[EXERCISE OBJECTIVE]
All that is wanted is a word-for-word copy of the data from its first line to the line containing "Офіс 118 м2", both included.

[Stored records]
********
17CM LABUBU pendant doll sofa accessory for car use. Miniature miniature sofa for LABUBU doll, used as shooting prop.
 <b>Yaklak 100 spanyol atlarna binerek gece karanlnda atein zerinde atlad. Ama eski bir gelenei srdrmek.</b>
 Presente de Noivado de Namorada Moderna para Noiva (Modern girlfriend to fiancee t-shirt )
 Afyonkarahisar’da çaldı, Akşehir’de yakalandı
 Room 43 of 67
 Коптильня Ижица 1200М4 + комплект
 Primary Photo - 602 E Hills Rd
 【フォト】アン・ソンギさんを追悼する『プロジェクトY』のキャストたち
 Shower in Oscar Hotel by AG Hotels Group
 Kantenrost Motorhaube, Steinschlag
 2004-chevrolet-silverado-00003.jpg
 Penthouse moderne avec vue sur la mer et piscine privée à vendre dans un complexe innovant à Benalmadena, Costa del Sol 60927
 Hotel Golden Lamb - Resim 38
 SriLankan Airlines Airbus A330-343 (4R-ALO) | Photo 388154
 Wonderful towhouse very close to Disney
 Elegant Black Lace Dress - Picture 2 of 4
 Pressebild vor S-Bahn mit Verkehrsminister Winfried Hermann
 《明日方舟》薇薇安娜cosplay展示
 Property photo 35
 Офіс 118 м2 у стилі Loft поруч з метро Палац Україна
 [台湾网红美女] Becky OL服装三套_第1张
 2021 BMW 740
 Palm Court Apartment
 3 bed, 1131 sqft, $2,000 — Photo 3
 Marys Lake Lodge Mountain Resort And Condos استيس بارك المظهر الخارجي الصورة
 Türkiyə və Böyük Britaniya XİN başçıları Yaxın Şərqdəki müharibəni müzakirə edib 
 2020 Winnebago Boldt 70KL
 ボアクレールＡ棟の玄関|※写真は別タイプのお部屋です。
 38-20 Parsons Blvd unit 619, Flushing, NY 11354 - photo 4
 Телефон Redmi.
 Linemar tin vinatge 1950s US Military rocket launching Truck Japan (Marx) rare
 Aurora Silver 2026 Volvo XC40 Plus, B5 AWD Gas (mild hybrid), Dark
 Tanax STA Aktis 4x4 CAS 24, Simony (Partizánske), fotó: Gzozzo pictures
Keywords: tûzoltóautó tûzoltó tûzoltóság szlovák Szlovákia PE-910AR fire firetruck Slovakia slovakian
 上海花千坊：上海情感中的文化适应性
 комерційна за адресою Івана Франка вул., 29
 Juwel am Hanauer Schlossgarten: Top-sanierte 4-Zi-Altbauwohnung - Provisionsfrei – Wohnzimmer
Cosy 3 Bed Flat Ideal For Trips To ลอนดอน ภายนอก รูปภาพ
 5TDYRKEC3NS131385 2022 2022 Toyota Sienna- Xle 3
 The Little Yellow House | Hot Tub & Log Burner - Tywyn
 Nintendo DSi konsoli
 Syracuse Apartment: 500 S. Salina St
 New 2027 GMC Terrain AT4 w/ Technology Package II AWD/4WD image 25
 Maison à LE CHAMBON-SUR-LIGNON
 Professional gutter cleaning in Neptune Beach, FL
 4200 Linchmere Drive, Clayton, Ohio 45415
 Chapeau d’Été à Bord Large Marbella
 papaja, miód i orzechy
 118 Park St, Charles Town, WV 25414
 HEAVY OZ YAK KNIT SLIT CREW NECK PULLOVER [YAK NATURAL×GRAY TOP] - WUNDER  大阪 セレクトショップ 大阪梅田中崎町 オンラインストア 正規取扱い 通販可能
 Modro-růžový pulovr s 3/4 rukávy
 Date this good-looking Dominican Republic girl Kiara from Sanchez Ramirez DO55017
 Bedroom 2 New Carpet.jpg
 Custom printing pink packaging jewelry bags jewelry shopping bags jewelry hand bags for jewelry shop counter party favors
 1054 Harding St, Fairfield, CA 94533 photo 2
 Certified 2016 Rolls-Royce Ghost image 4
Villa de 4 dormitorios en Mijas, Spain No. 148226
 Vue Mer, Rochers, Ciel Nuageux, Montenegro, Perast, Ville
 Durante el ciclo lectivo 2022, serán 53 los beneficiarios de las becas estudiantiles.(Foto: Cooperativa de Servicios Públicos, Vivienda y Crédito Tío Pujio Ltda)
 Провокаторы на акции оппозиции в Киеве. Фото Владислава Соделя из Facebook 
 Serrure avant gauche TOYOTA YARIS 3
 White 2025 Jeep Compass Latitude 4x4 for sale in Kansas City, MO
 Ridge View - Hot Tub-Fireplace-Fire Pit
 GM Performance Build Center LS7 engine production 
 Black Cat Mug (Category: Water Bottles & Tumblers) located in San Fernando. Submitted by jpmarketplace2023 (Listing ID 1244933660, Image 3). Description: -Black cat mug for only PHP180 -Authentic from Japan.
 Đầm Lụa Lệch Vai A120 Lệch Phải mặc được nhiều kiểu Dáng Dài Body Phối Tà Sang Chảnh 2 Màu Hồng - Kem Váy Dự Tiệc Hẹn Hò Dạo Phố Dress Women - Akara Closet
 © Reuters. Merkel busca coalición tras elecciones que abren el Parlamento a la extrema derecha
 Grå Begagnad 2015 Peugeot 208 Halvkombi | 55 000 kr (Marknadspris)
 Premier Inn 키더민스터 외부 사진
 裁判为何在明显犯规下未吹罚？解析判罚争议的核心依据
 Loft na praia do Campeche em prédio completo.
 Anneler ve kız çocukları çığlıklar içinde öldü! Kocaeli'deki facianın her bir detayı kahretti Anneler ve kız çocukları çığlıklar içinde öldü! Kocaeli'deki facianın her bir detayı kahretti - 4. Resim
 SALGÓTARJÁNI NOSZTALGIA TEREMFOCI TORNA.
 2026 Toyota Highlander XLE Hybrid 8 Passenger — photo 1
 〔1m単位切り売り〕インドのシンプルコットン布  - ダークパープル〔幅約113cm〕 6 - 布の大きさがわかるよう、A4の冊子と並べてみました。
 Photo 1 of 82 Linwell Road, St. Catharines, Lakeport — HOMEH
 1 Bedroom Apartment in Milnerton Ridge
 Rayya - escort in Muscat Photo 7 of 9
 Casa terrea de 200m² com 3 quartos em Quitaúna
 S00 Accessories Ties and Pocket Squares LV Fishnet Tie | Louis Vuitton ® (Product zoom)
********
[OUTPUT FOR THIS TASK]
17CM LABUBU pendant doll sofa accessory for car use. Miniature miniature sofa for LABUBU doll, used as shooting prop.
 <b>Yaklak 100 spanyol atlarna binerek gece karanlnda atein zerinde atlad. Ama eski bir gelenei srdrmek.</b>
 Presente de Noivado de Namorada Moderna para Noiva (Modern girlfriend to fiancee t-shirt )
 Afyonkarahisar’da çaldı, Akşehir’de yakalandı
 Room 43 of 67
 Коптильня Ижица 1200М4 + комплект
 Primary Photo - 602 E Hills Rd
 【フォト】アン・ソンギさんを追悼する『プロジェクトY』のキャストたち
 Shower in Oscar Hotel by AG Hotels Group
 Kantenrost Motorhaube, Steinschlag
 2004-chevrolet-silverado-00003.jpg
 Penthouse moderne avec vue sur la mer et piscine privée à vendre dans un complexe innovant à Benalmadena, Costa del Sol 60927
 Hotel Golden Lamb - Resim 38
 SriLankan Airlines Airbus A330-343 (4R-ALO) | Photo 388154
 Wonderful towhouse very close to Disney
 Elegant Black Lace Dress - Picture 2 of 4
 Pressebild vor S-Bahn mit Verkehrsminister Winfried Hermann
 《明日方舟》薇薇安娜cosplay展示
 Property photo 35
 Офіс 118 м2 у стилі Loft поруч з метро Палац Україна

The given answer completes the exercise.